WASHINGTON—U.S. Rep. Tammy Duckworth wants to end a congressional perk: “franked” mail.
The “franking” privilege lets lawmakers send mail to constituents with their signatures in the place of postage stamps, though the cost to send the mailings is paid for later out of their office budgets.
Duckworth, a freshman Democrat from Hoffman Estates, said a bill she introduced Tuesday will require lawmakers to pay for postage in advance. But it would not reduce the amount of money lawmakers may spend on mail to constituents, said Duckworth’s spokesman, Anton Becker
“As members of Congress, we lead by example,” she said in a statement. “With so many working families out there trying to make ends meet, it’s important that we meet the same obligations that our neighbors meet. Removing the franking privilege for Congress is a small step we can take to show the American people we are here to work for them.”

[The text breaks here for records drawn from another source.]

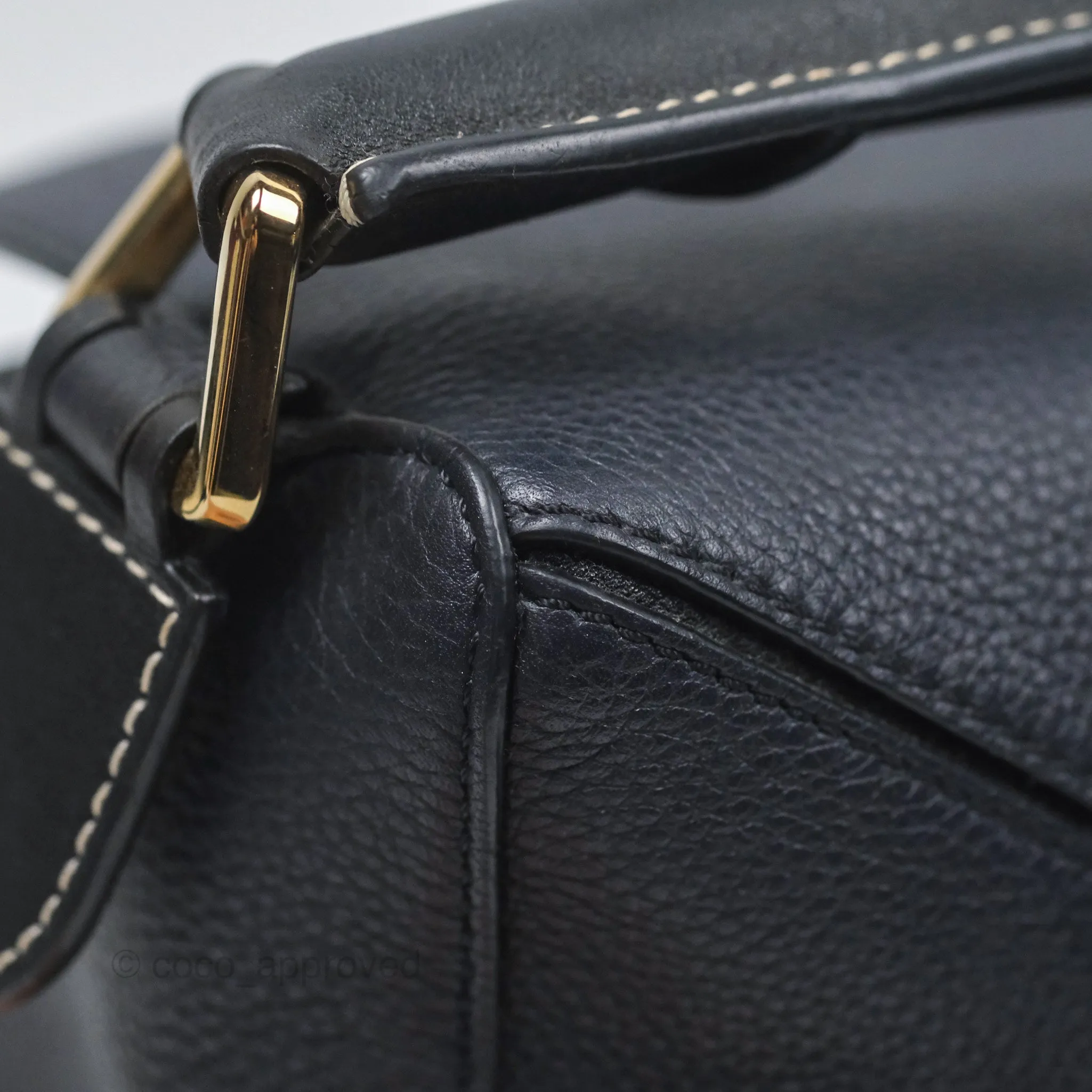Loewe Medium Puzzle Bag Navy Calfskin Gold Hardware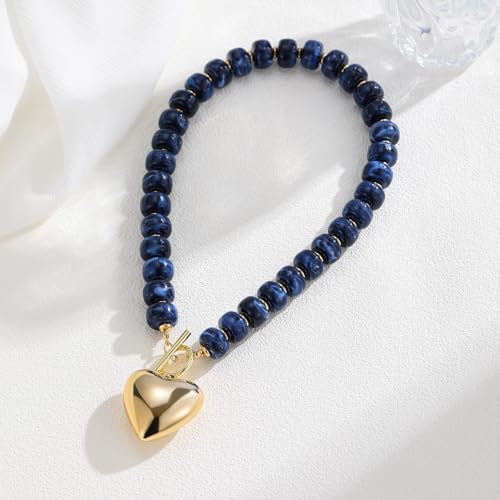 GZQ Chunky Gold Heart Necklace for Women, Resin Beaded Chain with Puff Heart Adjustable Clasp, Perfect for Daily Wear Party Date Streetwear Outfits Fashion Jewelry Gift - color: Blue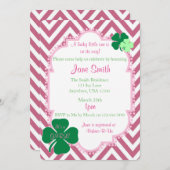 Un Invitation de Baby shower irlandais Lucky Littl (Devant / Derrière)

The bill’s co-sponsor is U.S. Rep. Rob Woodall of Georgia. It has the backing of the two watchdog groups, the National Taxpayers Union and Public Citizen.
Duckworth is running for re-election Nov. 4 against Republican Larry Kaifesh of Carpentersville. He could not immediately be reached for comment today.
The “franking” privilege dates to the Continental Congress in 1775 and is used to send millions of dollars worth of mail through the U.S. Postal Service without requiring lawmakers to pay for the postage in advance, Duckworth and Woodall said.
Reforms in the last 25 years have reduced franking expenditures, a Congressional Research Service report has said. Still, in the 435-seat House, the tab for mass mailings over a 12-year period ending in 2008 reached $224.5 million, for an annual average of $18.7 million.
A story in 2011 by the Chicago Tribune detailing franked mail sent by Illinois’ House lawmakers found one member sent mailings to bestow a “special congressional recognition” on high school graduates. Others sent constituents glossy wall calendars showcasing Washington’s top tourist sites.
Rules govern the type of congressional mailings that may be “franked.” Still, the newspaper found the bill for franked mail for House members from Illinois was $4.27 million over a 30-month period ending in June 2011.